A querela sobre o aborto e as suspeitas de totalitarismo ("estado policial") que ele e seu truculento vice tentavam lançar sobre o governo do PT, como se quisessem provocar uma nova Marcha da Família, com Deus, pela Liberdade, só serviram para tornar dupla a derrota: na urna e na imagem dos tucanos.
Fazendo do aborto um cavalo de batalha, repetindo a retórica nefanda das viúvas da ditadura e tentando travestir um incidente banal de campanha em terrível agressão à democracia, Serra se evidenciou:
- um político oportunista, capaz de descer até o esgoto para ganhar eleições; e
- um péssimo estrategista, pois dilapidou inutilmente a respeitabilidade que ainda lhe restava, depois de já a ter comprometido em muito ao, como governador, ordenar a entrada da brutal tropa de choque da PM no campus da USP, decisão inadimissível e chocante sendo ele um antigo presidente da UNE.
Antigo perseguido político, Serra
reeditou a truculência ditatorial
Vai daí que, no vácuo decorrente do esvaziamento da liderança de Serra, o ex-presidente Fernando Henrique Cardoso procura reafirmar-se como o principal líder do tucanato, capitalizando exatamente os erros cometidos na reta final da campanha presidencial, com análises como esta:
"Enquanto o PSDB e seus aliados persistirem em disputar com o PT influência sobre os 'movimentos sociais' ou o 'povão', falarão sozinhos".
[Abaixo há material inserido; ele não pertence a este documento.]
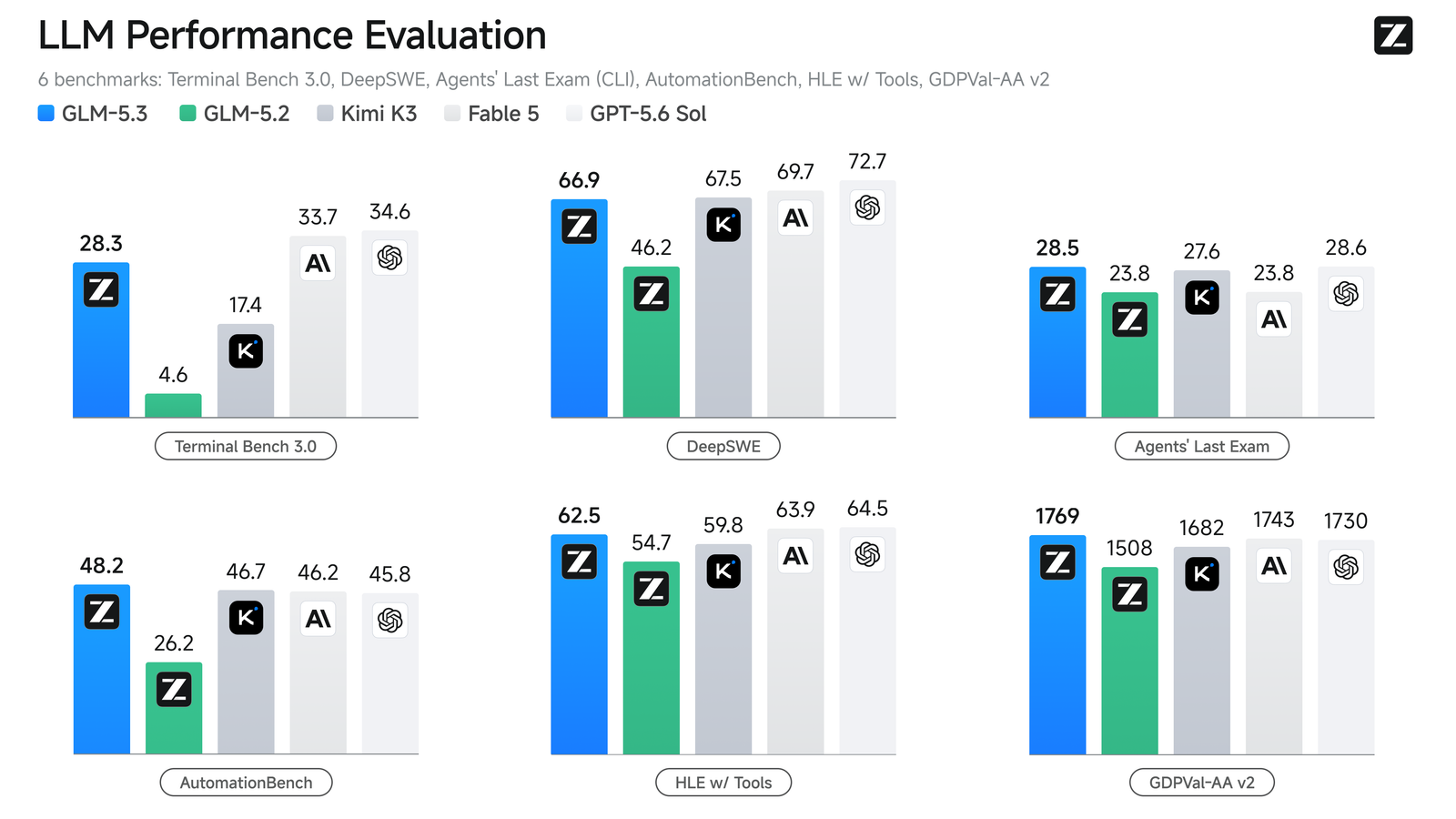 GLM-5.3 launch benchmark chart — one of the two time-of-day pricing moves this month rode in alongside these bars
Segundo FHC, a presidente Dilma Rousseff tem um estilo "contrastante com o do antecessor" e que "pode envolver parte das classes médias" que "mantiveram certa reserva diante de Lula".
O porrete fracassou,
volta o raposismo...
Então, ele aponta ao PSDB a prioridade de evitar que isto ocorra, disputando com Dilma os corações e mentes da nova classe média produzida pelo crescimento econômico dos últimos anos, cuja influência tende a crescer cada vez mais a partir das redes sociais da internet.
Não é à toa que o velho sociólogo chegou à Presidência da República duas vezes, enquanto o velho líder estudantil só alcançou vitórias eleitorais obrigatórias, no Estado que tem sido feudo tucano nas últimas décadas.
Se a oposição agora seguir a batuta de FHC, um ganho haverá para a política brasileira, inclusive para Dilma: ficarão afastadas as hipóteses de turbulência institucional.
Melhor assim, para um país que atravessou mais de um terço do século passado sob ditaduras.